● INSTRUCTIONS TO FOLLOW: Begin with the line containing "Thumbnail 4 Self-Portrait" and copy every line after it to the end of the entries, exactly, leaving out the lines before it.

● RECORDS PROVIDED:
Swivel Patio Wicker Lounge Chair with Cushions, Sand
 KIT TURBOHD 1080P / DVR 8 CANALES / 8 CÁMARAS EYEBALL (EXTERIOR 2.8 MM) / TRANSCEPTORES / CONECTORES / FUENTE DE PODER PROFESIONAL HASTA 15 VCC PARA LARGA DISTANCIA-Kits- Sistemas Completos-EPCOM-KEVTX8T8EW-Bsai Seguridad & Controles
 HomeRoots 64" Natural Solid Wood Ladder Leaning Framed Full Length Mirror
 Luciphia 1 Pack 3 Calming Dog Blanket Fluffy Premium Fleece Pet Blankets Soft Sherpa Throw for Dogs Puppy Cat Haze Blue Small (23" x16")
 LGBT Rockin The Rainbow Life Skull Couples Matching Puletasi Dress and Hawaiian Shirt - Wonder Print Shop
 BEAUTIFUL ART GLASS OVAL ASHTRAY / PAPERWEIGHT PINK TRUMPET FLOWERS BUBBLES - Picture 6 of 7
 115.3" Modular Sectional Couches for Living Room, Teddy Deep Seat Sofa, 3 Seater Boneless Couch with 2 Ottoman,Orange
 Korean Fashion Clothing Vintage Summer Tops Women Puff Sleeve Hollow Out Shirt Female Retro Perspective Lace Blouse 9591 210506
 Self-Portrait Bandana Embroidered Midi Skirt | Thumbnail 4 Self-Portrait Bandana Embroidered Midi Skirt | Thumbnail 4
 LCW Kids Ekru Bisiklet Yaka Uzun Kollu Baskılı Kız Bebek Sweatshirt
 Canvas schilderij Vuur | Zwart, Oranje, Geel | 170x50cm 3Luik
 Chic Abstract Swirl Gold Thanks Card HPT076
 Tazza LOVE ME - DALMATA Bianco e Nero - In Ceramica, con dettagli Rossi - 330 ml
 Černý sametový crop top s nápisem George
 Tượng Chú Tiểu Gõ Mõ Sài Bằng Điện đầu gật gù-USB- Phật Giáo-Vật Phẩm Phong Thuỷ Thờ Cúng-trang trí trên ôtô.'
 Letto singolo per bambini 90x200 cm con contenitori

● ANSWER BOX:
 Self-Portrait Bandana Embroidered Midi Skirt | Thumbnail 4 Self-Portrait Bandana Embroidered Midi Skirt | Thumbnail 4
 LCW Kids Ekru Bisiklet Yaka Uzun Kollu Baskılı Kız Bebek Sweatshirt
 Canvas schilderij Vuur | Zwart, Oranje, Geel | 170x50cm 3Luik
 Chic Abstract Swirl Gold Thanks Card HPT076
 Tazza LOVE ME - DALMATA Bianco e Nero - In Ceramica, con dettagli Rossi - 330 ml
 Černý sametový crop top s nápisem George
 Tượng Chú Tiểu Gõ Mõ Sài Bằng Điện đầu gật gù-USB- Phật Giáo-Vật Phẩm Phong Thuỷ Thờ Cúng-trang trí trên ôtô.'
 Letto singolo per bambini 90x200 cm con contenitori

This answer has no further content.